AARON ZIMMERMAN

First-place winners in a T-shirt designing contest were Robert Young of Milton High School; Valerie Gibson of Barboursville High School, and Aaron Zimmerman of Huntington East High School. Two other first place winners, not pictured are Glenn Taylor of Huntington High School and Michael Ball of St. Joseph's High School.




Learning Environment
Kids learn to recycle reuse and reduce
By Kenneth R. Blake, The Herald Dispatch


Cabell County school kids are learning the three R's of managing Mother Earth's resources thanks to an effort by the county solid waste authority.

The authority used state grant money to fund a host of educational programs aimed at teaching kids to recycle, reuse and reduce garbage instead of just throwing it all away.

"I think education starts with the little people," said Fran Norton, who helped organize the educational effort for the authority.

"They bring it home. They are the ones who are going to bring the message home to their parents and make their parents aware of things."

Using money from the $30,000grant, the authority sponsored a T-shirt design contest for county 12th-graders. The contest offered $100 first prizes and $50 second prizes for the designs that best promoted recycling.


Seventeen-year-old Aaron Zimmerman, a senior at Huntington East High School, won one of five first-place prizes in the T-shirt contest for a design bearing a picture of the planet puckering up for a smooch and the message, "Recycle! Mother Earth will kiss you for it."

"The whole environmental movement- I wasn't really very conscientious about it when I first heard about the contest. But I think it's something everyone should take part in," said Zimmerman, who plans to go to art school after graduating.

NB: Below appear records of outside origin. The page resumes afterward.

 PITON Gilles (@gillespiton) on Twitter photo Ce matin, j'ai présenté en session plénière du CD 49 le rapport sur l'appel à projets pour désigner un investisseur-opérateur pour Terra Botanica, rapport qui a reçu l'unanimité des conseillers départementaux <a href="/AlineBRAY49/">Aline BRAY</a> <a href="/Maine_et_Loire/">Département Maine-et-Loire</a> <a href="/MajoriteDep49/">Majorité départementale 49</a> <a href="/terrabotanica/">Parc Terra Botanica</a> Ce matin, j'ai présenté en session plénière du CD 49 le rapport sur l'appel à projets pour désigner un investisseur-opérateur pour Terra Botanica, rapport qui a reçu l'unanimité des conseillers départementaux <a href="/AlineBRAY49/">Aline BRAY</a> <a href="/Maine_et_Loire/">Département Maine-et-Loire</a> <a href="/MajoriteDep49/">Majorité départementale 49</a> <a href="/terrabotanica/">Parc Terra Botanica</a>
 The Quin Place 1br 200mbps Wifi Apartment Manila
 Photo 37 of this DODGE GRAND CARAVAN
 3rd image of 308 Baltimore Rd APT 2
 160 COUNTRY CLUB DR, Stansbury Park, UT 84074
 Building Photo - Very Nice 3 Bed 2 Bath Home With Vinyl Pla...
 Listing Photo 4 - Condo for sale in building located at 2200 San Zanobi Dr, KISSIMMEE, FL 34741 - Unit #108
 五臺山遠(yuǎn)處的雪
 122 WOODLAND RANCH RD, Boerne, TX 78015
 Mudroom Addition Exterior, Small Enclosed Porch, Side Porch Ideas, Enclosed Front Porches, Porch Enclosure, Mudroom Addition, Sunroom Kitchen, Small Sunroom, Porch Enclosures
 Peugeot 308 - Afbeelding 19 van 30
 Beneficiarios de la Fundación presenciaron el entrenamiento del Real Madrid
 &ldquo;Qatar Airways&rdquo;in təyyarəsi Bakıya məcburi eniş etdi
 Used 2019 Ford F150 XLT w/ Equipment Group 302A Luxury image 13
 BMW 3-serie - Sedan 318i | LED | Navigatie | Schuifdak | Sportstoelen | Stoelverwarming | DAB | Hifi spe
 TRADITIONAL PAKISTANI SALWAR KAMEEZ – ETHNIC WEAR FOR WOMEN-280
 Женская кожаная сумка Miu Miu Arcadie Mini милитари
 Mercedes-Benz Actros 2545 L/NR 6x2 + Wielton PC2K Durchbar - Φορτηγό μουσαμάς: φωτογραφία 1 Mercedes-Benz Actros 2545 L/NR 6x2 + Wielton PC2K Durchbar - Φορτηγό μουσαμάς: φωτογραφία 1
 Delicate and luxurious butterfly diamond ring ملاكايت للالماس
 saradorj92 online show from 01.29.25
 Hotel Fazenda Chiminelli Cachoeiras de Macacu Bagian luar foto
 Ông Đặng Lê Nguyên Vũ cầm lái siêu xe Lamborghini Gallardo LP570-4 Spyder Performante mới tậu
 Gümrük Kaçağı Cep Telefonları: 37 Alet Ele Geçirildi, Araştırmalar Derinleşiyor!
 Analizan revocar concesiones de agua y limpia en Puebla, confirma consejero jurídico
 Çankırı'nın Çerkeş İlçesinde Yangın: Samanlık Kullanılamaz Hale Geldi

Fellow first-place winner Robert Young, an 18-year-old senior at Milton High School, said the contest reinforced his concern for responsible management of the earth's resources.

Also interested in art, he creates collages using recyclables. "I first got into it last year. I was noticing that there was so much waste- people just throw stuff away when it could be put to good use."

The authority also sponsored an essay contest for ninth-graders and a poster contest for sixth-graders. Winners in all three contests will receive their cash prizes during Earth Day events scheduled Saturday in Ritter Park.

In addition to the contest, the authority bought recycling books for every second-, third-, and fourth-grade student in the county.

Also, every third-grade student received a cassette tape of "recycled songs" that replace the lyrics of familiar tunes with new lyrics that explain the importance of recycling and environmental awareness.

The authority also bought a television and videocassette recorder combination and "Earth at Risk" videotapes for the county library and its branches.

The libraries will use the VCRs and tapes to set up environmental research departments. More tapes and books will be added as funds become available.

Finally, the authority ordered an Environmental Jeopardy game for each sixth-grade classroom in the county, bought U.S. Environmental Protection Agency comic books to be handed out on Earth Day and is working with Barboursville High School on a play called "To save Mother Earth" written by Barboursville student Shelley Beaver and produced by volunteer Lee Ann Beckett of Pea Ridge.

"Our Earth and its resources are the legacy we leave all our children," Norton said. "In order for them to walk securely into the future these same children need to know how to manage that Earth so that it can continue to support life as it has in the past.

"Teaching them the three R's- recycle reuse and reduce- will give them the knowledge they need to manage the Earth and its resources."